I talked about copyright law and suggested that if the organisation wants to link back to articles they like, they include a short quote from it with a clear link to the original source.
The woman was very apologetic (she didn’t know this was happening and thought they complied with copyright law well) and will review all website content and remove my article. She said the plagiarism goes against everything the organisation stands for. And she was incredibly embarrassed. (She also told me she is an avid follower of my work and said she was a little ‘starstruck’ to hear from me in person!)
I understand in all cases the intent was not malicious but generous. The intent was to share with its members and the disability community, and to increase accessibility of the articles. That’s great – but I’d hope original content is shared within copyright guidelines, and not replicated in full. Replication of original content can decrease the author’s Google ranking. And a higher ranking (on any site) ain’t going to pay the bills!
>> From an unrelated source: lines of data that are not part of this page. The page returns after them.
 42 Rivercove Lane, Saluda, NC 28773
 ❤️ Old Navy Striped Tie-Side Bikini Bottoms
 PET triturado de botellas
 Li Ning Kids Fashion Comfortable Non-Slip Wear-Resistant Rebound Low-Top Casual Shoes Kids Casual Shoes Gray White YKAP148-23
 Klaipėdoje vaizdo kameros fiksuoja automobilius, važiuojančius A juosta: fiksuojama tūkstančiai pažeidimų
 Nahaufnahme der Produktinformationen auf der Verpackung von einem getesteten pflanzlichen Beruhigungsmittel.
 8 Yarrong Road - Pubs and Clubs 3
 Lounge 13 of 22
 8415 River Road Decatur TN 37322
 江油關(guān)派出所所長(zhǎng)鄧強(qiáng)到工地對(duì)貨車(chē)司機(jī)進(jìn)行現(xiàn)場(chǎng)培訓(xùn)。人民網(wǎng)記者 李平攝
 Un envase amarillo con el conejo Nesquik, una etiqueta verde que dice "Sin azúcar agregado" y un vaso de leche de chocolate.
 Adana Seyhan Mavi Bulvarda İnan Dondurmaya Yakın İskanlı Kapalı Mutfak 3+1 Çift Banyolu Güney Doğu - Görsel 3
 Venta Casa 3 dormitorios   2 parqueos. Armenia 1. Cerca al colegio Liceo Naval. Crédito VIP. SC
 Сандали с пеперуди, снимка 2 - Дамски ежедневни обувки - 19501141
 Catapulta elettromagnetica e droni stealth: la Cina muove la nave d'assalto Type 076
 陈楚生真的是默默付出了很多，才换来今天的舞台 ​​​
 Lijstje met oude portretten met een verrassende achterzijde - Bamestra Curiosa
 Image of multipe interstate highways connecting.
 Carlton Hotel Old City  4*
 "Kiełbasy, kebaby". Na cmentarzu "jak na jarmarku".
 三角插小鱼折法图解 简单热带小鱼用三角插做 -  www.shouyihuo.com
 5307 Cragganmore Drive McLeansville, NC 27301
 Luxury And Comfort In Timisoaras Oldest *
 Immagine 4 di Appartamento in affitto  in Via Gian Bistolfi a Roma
That phone call felt so empowering. Yes, I could have let my wonderful editor deal with it, but I took ownership and I feel like I am singing Katy Perry’s Roar.
If it was a student or for-profit company who plagiarised my work, I would have been angry. But for a disability organisation doing this – an organisation advocating for the rights of people with disabilities – makes me sad. And I know that plagiarism happens for many writers, but in this case, it’s the principle that people with disabilities shouldn’t be expected to write for free.
This misappropriation of disabled writers’ work perpetuates the idea we should be grateful for exposure. It’s expecting us to work for free, and assuming we won’t speak up. It’s using lived experience freely for someone else’s gain. It’s taking advantage. The very thing that a disability organisation helps protect people from.